This Note may be prepaid, at any time and from time to time, in whole or
in part, without penalty or premium. Any prepayment shall include accrued and
unpaid interest to the date of prepayment on the amount prepaid. All payments
shall be made directly to the RGS in immediately available funds.
As security for the amounts due under this Note, mHL pledges and grants
to RGS a security interest in the Fixed Assets and Inventory purchased by mHL
from Alcatel Cable Systems, N.A. Such security is itemized in detail in the
Asset Purchase Agreement signed by mHL and Alcatel.
In the event that RGS uses his own or an outside attorney to construe,
interpret, or enforce any of the provisions of this Note or take any action in
any bankruptcy, insolvency or similar proceeding affecting creditors' rights
generally (including, without limitation, prosecution of a motion for relief
from stay, proposal of a Chapter 11 plan, objection to a disclosure statement or
a Chapter 11 or 13 plan, or objection to proposed use, sale or lease of
property) or in mediation or arbitration, RGS shall be entitled to recover from
mHL its reasonable attorney fees and other costs incurred regardless of whether
any legal proceeding is commenced. If any legal action, arbitration or other
proceeding is brought, the prevailing party shall be entitled to recover its
reasonable attorney fees and other costs incurred in connection therewith, both
at trial and on any appeal therefrom or petitions for review thereof.

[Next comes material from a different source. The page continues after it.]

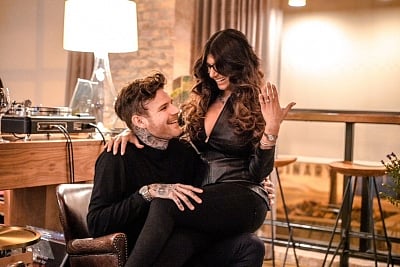 Former porn star-turned-sports commentator Mia Khalifa is engaged to long-time boyfriend chef Robert Sandberg. (Photo: Twitter/@miakhalifa)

All parties to this Note hereby waive presentment, dishonor, notice of
dishonor, and protest. All parties to this Note hereby consent to, and the
holder of this Note is hereby expressly authorized to make, without notice, any
and all renewals, extensions, modifications or waivers of the time for or the
terms of payment of any sum or sums due under this Note, or under any documents
or instruments relating to or securing this Note, or the performance of any
covenants, conditions or agreements hereof or thereof, or the taking or release
of collateral securing this Note. The liability of all parties on this Note
shall not be discharged by any action consented to above taken by any holder of
this Note.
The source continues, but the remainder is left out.